• [Supplied entries]
········

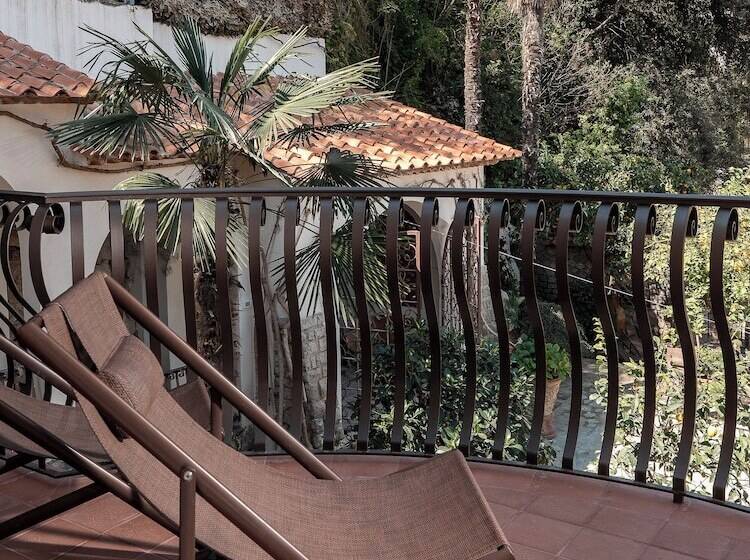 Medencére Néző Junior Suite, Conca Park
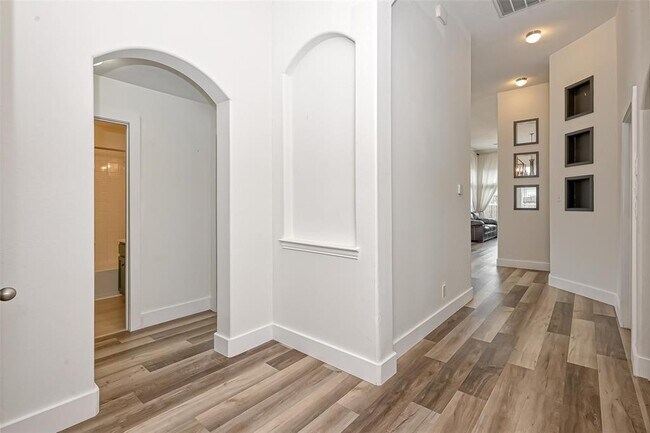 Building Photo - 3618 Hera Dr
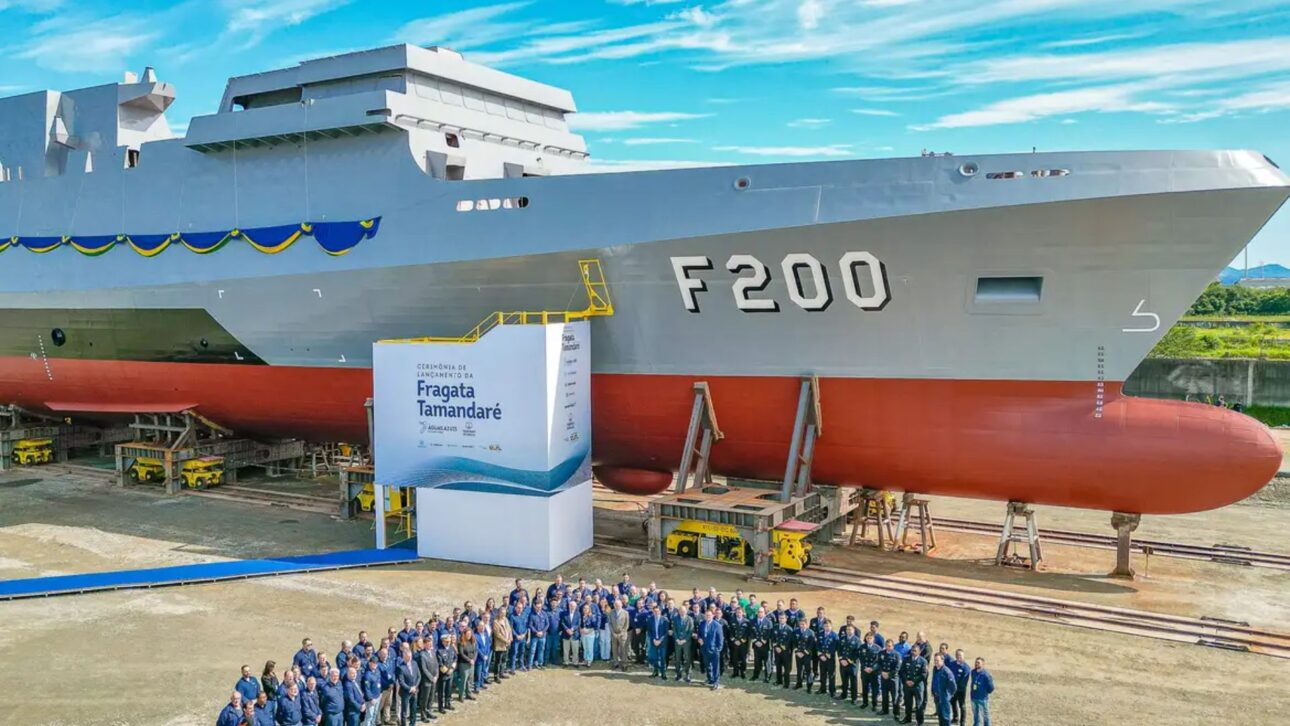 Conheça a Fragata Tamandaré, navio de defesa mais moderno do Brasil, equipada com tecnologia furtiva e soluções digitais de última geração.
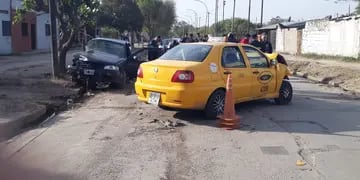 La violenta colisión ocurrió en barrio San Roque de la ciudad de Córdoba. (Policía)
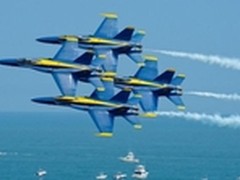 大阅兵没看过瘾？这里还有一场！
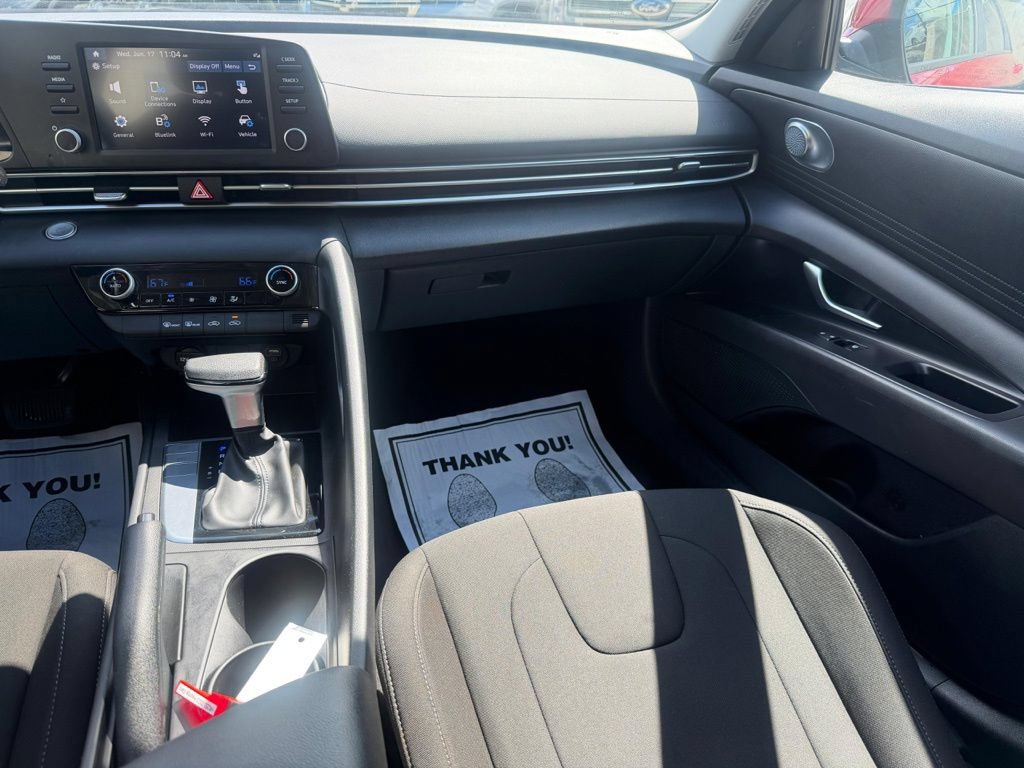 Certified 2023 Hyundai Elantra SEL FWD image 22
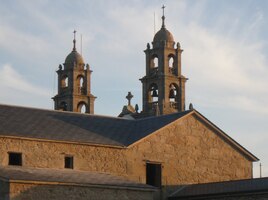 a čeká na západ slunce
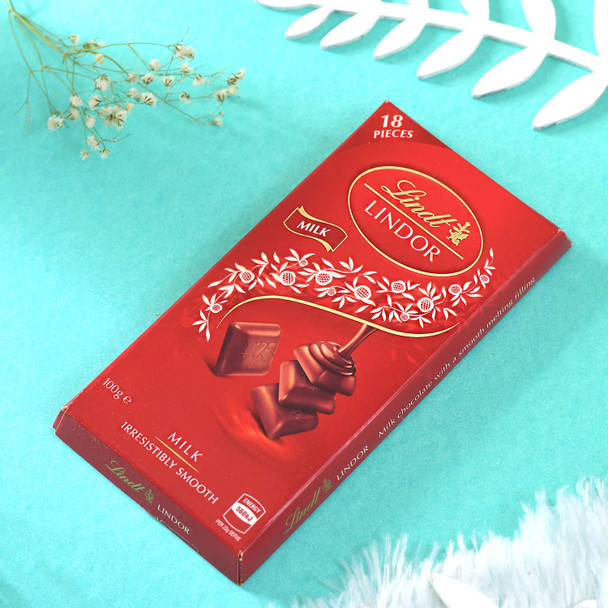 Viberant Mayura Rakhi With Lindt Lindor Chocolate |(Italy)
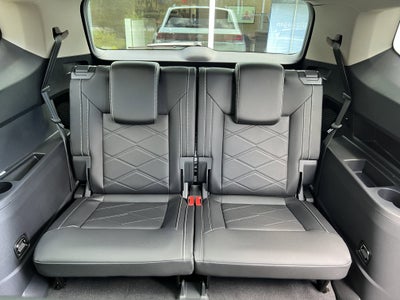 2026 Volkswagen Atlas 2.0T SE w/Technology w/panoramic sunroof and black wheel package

········

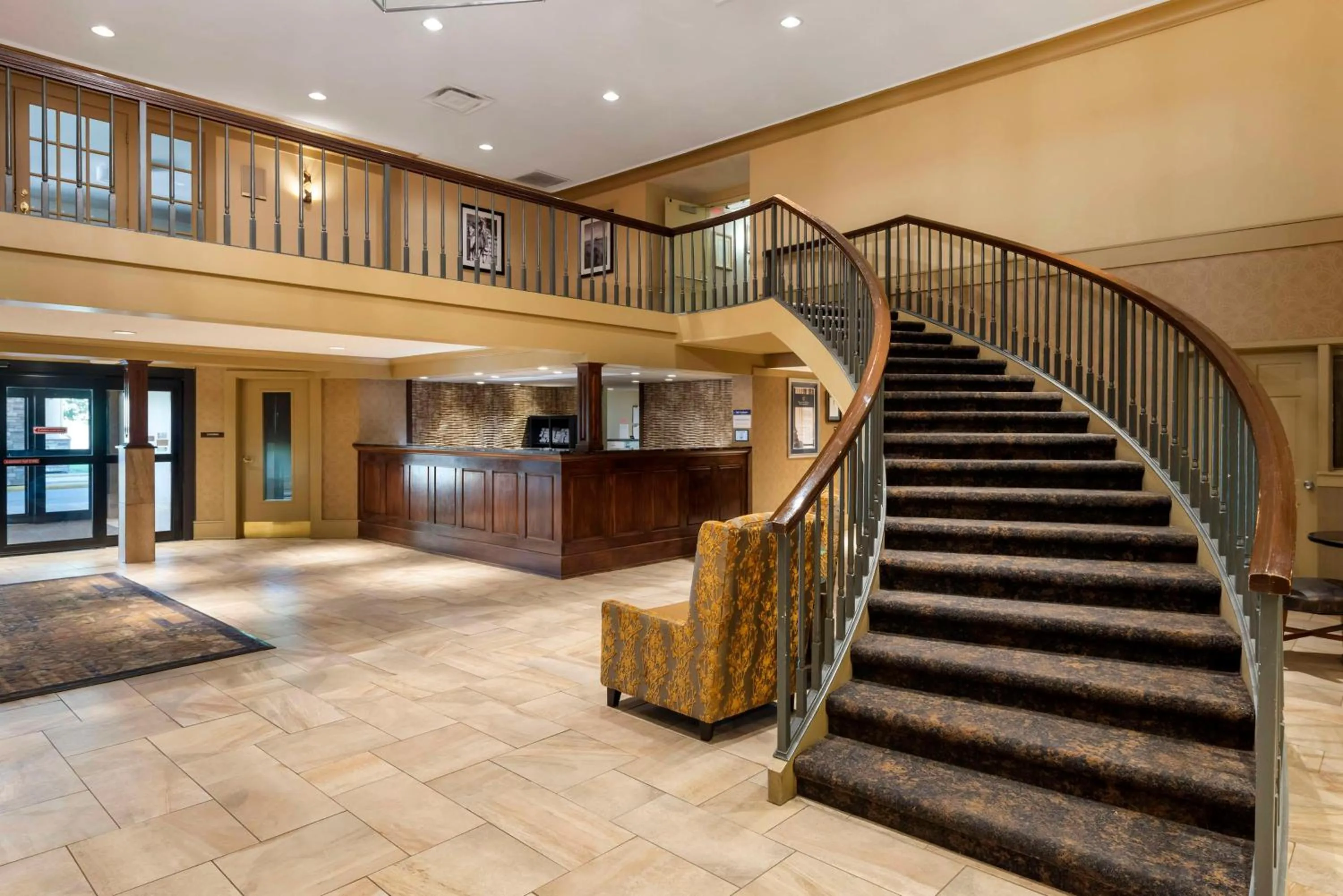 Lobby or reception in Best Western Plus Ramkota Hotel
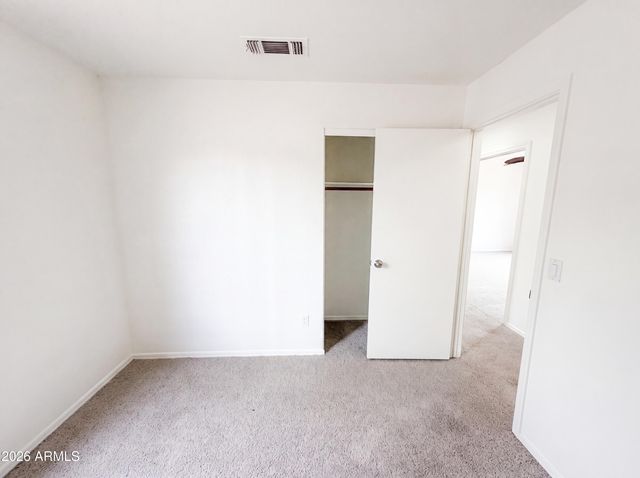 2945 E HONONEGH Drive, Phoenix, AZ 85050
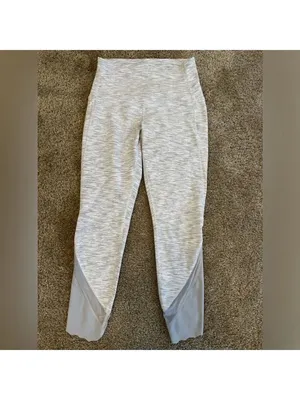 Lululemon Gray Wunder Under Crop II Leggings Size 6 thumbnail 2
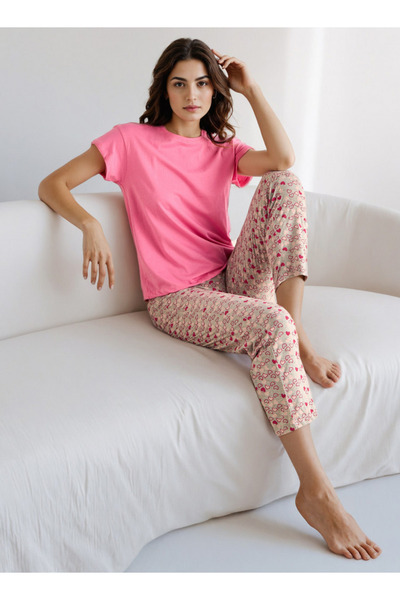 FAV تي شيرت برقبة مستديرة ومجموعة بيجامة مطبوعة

········

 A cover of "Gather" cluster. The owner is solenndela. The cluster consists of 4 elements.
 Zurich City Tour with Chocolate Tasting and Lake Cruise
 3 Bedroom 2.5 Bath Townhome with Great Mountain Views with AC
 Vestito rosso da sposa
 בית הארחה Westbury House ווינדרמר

········

• [What is needed]
Using the entries above, repeat exactly the lines from the one with "Lobby or reception" to the one with "FAV تي شيرت", both included, and leave the pictures behind.

• [Response to this exercise]
 Lobby or reception in Best Western Plus Ramkota Hotel
 2945 E HONONEGH Drive, Phoenix, AZ 85050
 Lululemon Gray Wunder Under Crop II Leggings Size 6 thumbnail 2
 FAV تي شيرت برقبة مستديرة ومجموعة بيجامة مطبوعة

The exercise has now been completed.